I will come back to that. After seeing Mary, I happened to find a cache of old family pictures and high school memorabilia; and before finding a new home for them, found myself being pulled back more than 50 years, thinking of friends as they were then and convincing myself, for a time, that they were as alive to me--and as real--as the images of long-gone actors on the screen, which deceive us into thinking they are still alive.

It almost like the delusion that doomed the tragic protagonist in The Great Gatsby, who was convinced he could repeat the past, that somehow he could recapture Daisy as she once was, as if the intervening years had not occurred, as if he could extend his remembered past happiness into the present.  Poor Gatsby.

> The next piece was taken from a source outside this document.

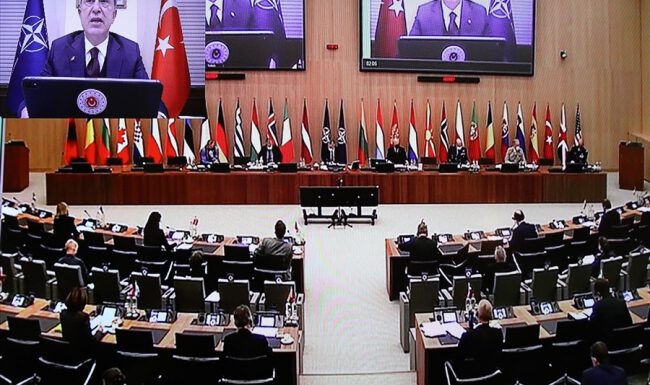 Bakan Akar: NATO’da terörle mücadelede birlik içinde hareket etmenin altını çizdik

Someone said that the past is always a work in progress. I think of this often when I read biographies that re-visit familiar figures from the past and bring them "to life."  What is happening, of course, is that the reader (like the historian) is re-interpreting through the imagination a new version of what the past might have been.  Augustine, back in the 4th century, saw in his reflections on time in the Confessions, that memory and imagination are related, almost interchangeable.

All our experiences are filtered through remembered events as they become part of our past.  In saying this, I am neglecting my spiritual conviction, often called mindfulness, that tells us that only the present moment is real. God, Ultimate Reality, is revealed to Moses as "I AM." 

The contemplative mind, whether following Christian or Buddhist practice, pushes aside the past, which is as unreal as the future; in this way only the present moment, fleeting as it is, can give us access to the kind of timeless present found in meditation--and evoked by T. S. Eliot in his later poetry.

Many poets have sought those timeless moments "in and out of time" that hint at eternity, just as mystics try to find words for the inexpressible moments of union with the divine.  Great poets are mystics in the sense that, for them, past events, recalled by the memory and enhanced by imagination, live on in the mind and in their art, which is impervious to time.

So I think that it is to great writers, especially poets, that we must turn for a proper response to Faulkner's idea of the past, which I think of as a work in progress; it often tries to snare us into thinking that it's real.